I'm a little bit skeptical about the effect size. Was the batter*velocity cross term a random slope/random intercept thing or a fixed effect? I think that if it was a fixed effect it would overestimate the effect size, perhaps considerably. Or, if you'd used BIC criteria (with a penalty for the number of parameters in addition to the log likelihood) maybe the batter variable wouldn't have made so large of a contribution?
Great take. I am guessing higher spin rates will be meaningful in following analysis. Are you familiar with Perry Husband & his work on effective velocity? If not,worth checking out.

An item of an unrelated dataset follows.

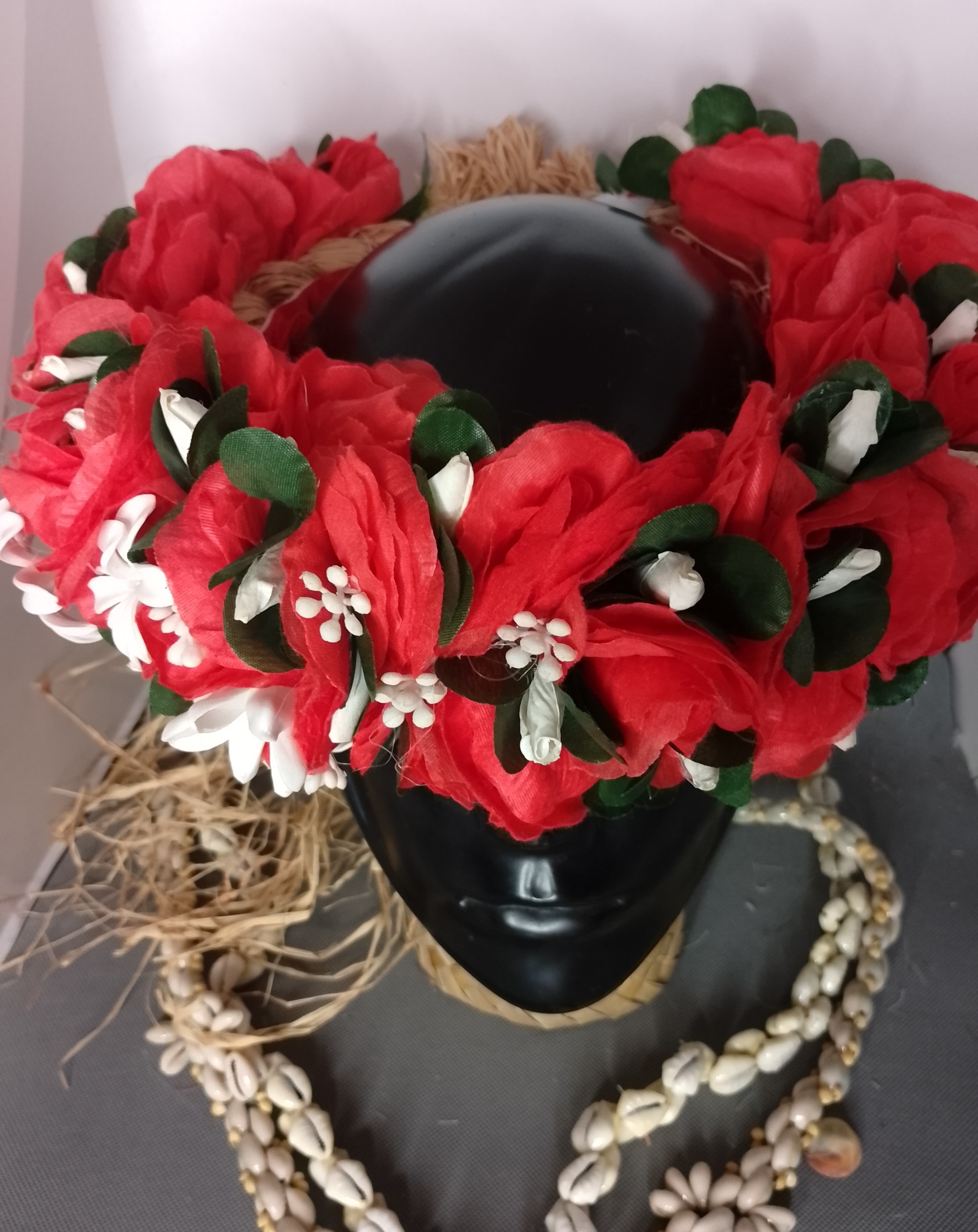 Couronne toute fleur Tahiti rouge corolle de tiare Tahiti trois mini tiare Vaite.e.Tiare créations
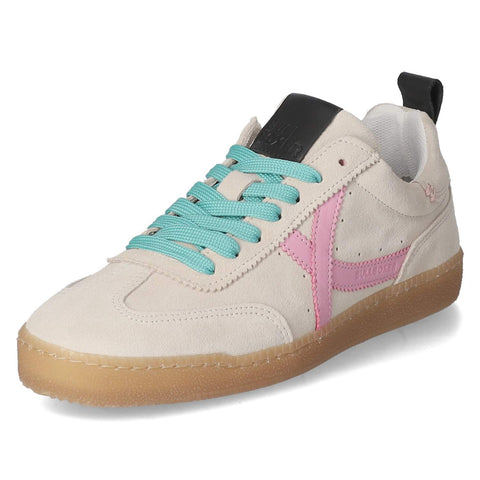 Low-Top Sneaker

I think it would be interesting to include a term representing total career pitches seen (though I'm not sure how early in the career this should start - do college PAs count? HS? Should it only be pitches - or fastballs? - with >90 mph speed?).

The reason that term could be helpful is that one of the big factors making ML hitters so good is their ability to "chunk" visual images of the type they usually see. I read an article that was discussing why Jenny Finch was able to regularly strike out major league hitters ( that argued it had a lot to do with disrupting the typical patterns they look for when at the plate. Using those patterns essentially gives hitters more time to react because they grasp the important information faster.

So I'm suggesting that hitters with more exposure to fastballs (and actually, now that I'm thinking about it, more exposure to an individual pitcher) will essentially react faster, even though their baseline reaction speed isn't any different.
Could be a lot of survivor bias there: hitters who don't learn how to pick up a fastball don't stick around long enough to see a whole bunch of them.